Bei der "taz" hat die Gender-Soziologin Ilse Lenz gemerkt, dass durch uns Männerrechtler Falschbeschuldigungen bei Vergewaltigungen plötzlich Thema geworden sind. Sichtlich bemüht und mit einigem rhetorischen Aufwand, versucht sie nun gegenzusteuern. Nur ein Auszug aus dem insgesamt lesenswerten (wenn auch im negativen Sinne) Artikel:

So fragt etwa der Publizist und "Männerrechtler" Arne Hoffmann vom Verein AGENS zunächst besorgt: "Sind Sie der nächste Jörg Kachelmann?", um gleich hinterherzuschieben: "Polizisten und Wissenschaftler: Bei Vergewaltigungsvorwürfen lügen Frauen häufig." Obwohl die Studie genau das Gegenteil belegt, zitiert Hoffmann selektiv diese eine Äußerung, "dass deutlich mehr als die Hälfte der angezeigten Sexualstraftaten vorgetäuscht" würde, um zu dem Schluss zu kommen: "Von einer hohen Zahl an Falschbeschuldigungen geht auch die Untersuchung ,Vergewaltigung und sexuelle Nötigung in Bayern', herausgegeben im Jahr 2005 vom Bayrischen Landeskriminalamt, aus." Hoffmann zitiert auch einen britischen Polizisten, der unter dem Pseudonym Inspector Gadget in seinem Weblog schreibt, "dass von zehn Vergewaltigungen, die unserer Dienststelle gemeldet werden, sich mindestens acht als Unfug herausstellen. Um fair zu sein, acht von zehn Irgendwas, die unserer Polizeidienststelle gemeldet werden, sind Unfug - warum sollte es mit Vergewaltigung anders sein?" Auch bei dem antifeministischen Verein Manndat dient die Umdeutung der BLK-Studie dazu, weitreichende politische Forderungen zu stellen.
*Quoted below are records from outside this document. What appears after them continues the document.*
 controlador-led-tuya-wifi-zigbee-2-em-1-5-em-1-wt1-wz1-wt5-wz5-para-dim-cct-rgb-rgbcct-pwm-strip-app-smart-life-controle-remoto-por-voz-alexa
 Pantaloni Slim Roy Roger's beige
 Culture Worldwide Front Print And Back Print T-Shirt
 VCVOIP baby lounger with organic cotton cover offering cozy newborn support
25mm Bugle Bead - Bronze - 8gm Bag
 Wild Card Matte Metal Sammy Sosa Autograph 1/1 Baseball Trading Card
Wie so oft, wenn die "taz" versucht, Männerrechtlern Kontra zu geben, bekommt sie ihre Fakten nicht ganz auf die Reihe. Zunächst einmal ist es Unsinn, wenn Ilse Lenz behauptet, die Studie des Bayrischen LKA belege "das genaue Gegenteil" meiner Präsentation. Diese These versucht sie damit zu stützen, dass die Zahl der Anzeigen wegen Falschbeschuldigungen so gering sei. Ironischerweise bekommt ein Chefredeakteur der so oft angeprangerten BILD hier die Fakten besser auf die Reihe als die "taz", wenn er den Inhalt der LKA-Studie zusammenfasst:

Mindestens (!) ein Fünftel bis zu einem Drittel der Vorgänge sei „zweifelhaft“ und aufgrund der Gesamtumstände (widersprüchliches Verhalten des Opfers vor oder nach der Tat, Erinnerungslücken, Fehlen von Spuren, widersprüchliche oder wenig detaillierte Aussagen, Alkoholisierung) eher als falsche Verdächtigung respektive Vortäuschen einer Straftat zu werten.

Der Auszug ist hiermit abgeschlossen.